La camarera intervino en la plática de los dos para dejar dos tasas de café y se marchó. Agustín, con un rostro inexpresivo, observó la humareda proveniente de una de las oscuras bebidas y aspiró el aroma.
—Entonces sabías que vendríamos —comentó Agustín mientras apuntaba la pequeña pistola, que tenía en su mano izquierda, hacia el vientre del que alguna vez fue su compañero.
—Sabía que enviarían a alguien a por mí, sí. Todavía tengo un par de amigos en la organización —repuso Jon —. Pero no sabía que serías tú, viejo amigo —aseguró, sonriendo —. Aunque debo admitir que lo supuse —concluyó, al tiempo que enseñaba a Agustín el cañón del arma que sostenía, oculta bajo el sombrero, por sobre la mesa.
—¿En serio quieres que termine así, hijo? —preguntó y tomó un sorbo de café —. Sabías que tus acciones te condenarían. No podrás escapar de la organización. Ni siquiera podrás escapar de mí —afirmó mientras se pasaba los dedos por la sien para aliviar la jaqueca que comenzaba a agobiarle.
Agustín miró a Jon directamente a los ojos, como intentando escarbar en la mirada del que en otrora fue su pupilo. En una milésima de segundo vio otra vez al escuálido niño de la calle que intentó robarle el reloj, vio al adolescente que creció superando todas sus expectativas, «siempre el más ágil, el más fuerte y el más inteligente» y se sintió orgullo de ello. Finalmente vio al hombre que se manchó las manos con la sangre de su familia, la organización, y huyó sin más. No importaba que tan bueno fuera, o cuánto lo quisiera, eso había sido algo imperdonable «¿o no?» se lo cuestionó por un momento.
—Jon —dijo, ahora frunciendo el ceño —, te lo pido, desiste de esta locura y vuelve a casa. Desde arriba me han dado la orden de matarte, pero sé que podré conseguir que te indulten; me escucharán, me lo deben —expresó y estiró su mano hacia él. «Acepta, hijo.

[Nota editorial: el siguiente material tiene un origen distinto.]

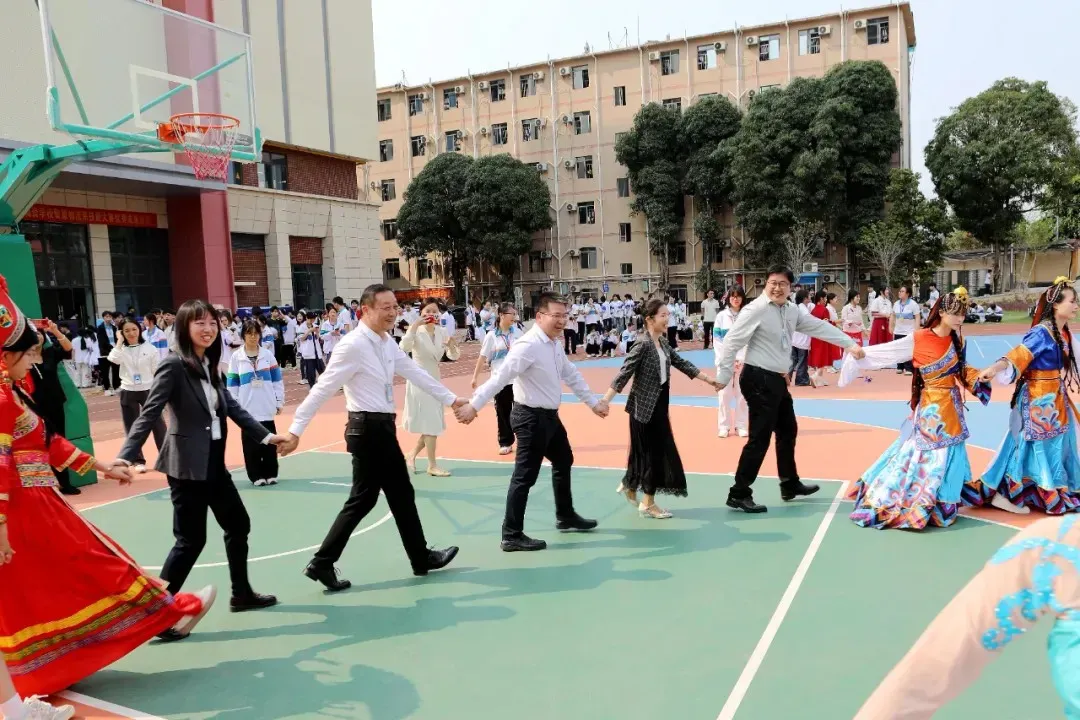 中考择校优选|广西物资学校 正规公办院校火热招录 第2张 中考择校优选|广西物资学校 正规公办院校火热招录 第2张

No me obligues a hacer esto» pensó. Jon le apartó con un manotazo.
—¿Cuál fue una de las primeras cosas que me enseñaste, Agustín Barbosa? —preguntó el joven —. Te lo recordaré: me dijiste que no temiera a la muerte porque, aunque nadie puede evitarla, los que la aceptamos vivimos una vida más provechosa, sin miedo, porque sabemos que lo hermoso de la vida está en que es fugaz —tomó un trago de café y le devolvió una mirada fría a su mentor.
—Bien —dijo Agustín al tiempo que pensó «si esa es tu decisión, que así sea» —. Jon Lee, asesinaste a sangre fría a uno de tus hermanos de la organización, ahora, como lo reclaman las antiguas leyes, esta exige tu vida como sentencia. ¿Hay algo que quieras decir antes de morir?
—Ese perro no era mi hermano —respondió, sin un atisbo de inseguridad o miedo —. Él mató a mi verdadera familia. Desearía que su sufrimiento no hubiese acabado tan pronto.
El comentario sonó como una blasfemia a los oídos de Agustín, sin embargo intentó ignorarla. La adrenalina comenzó a invadir su cuerpo, estaba decidido, Jon faltó para con la organización, ya no había nada que hacer, solo jalar el gatillo.
Sonó un disparo y el pequeño local se llenó de ruido; ipso facto se escuchó otro, el resto de comensales en el lugar comenzó a huir; luego dos más y el suelo y la mesa empezaban a teñirse de rojo.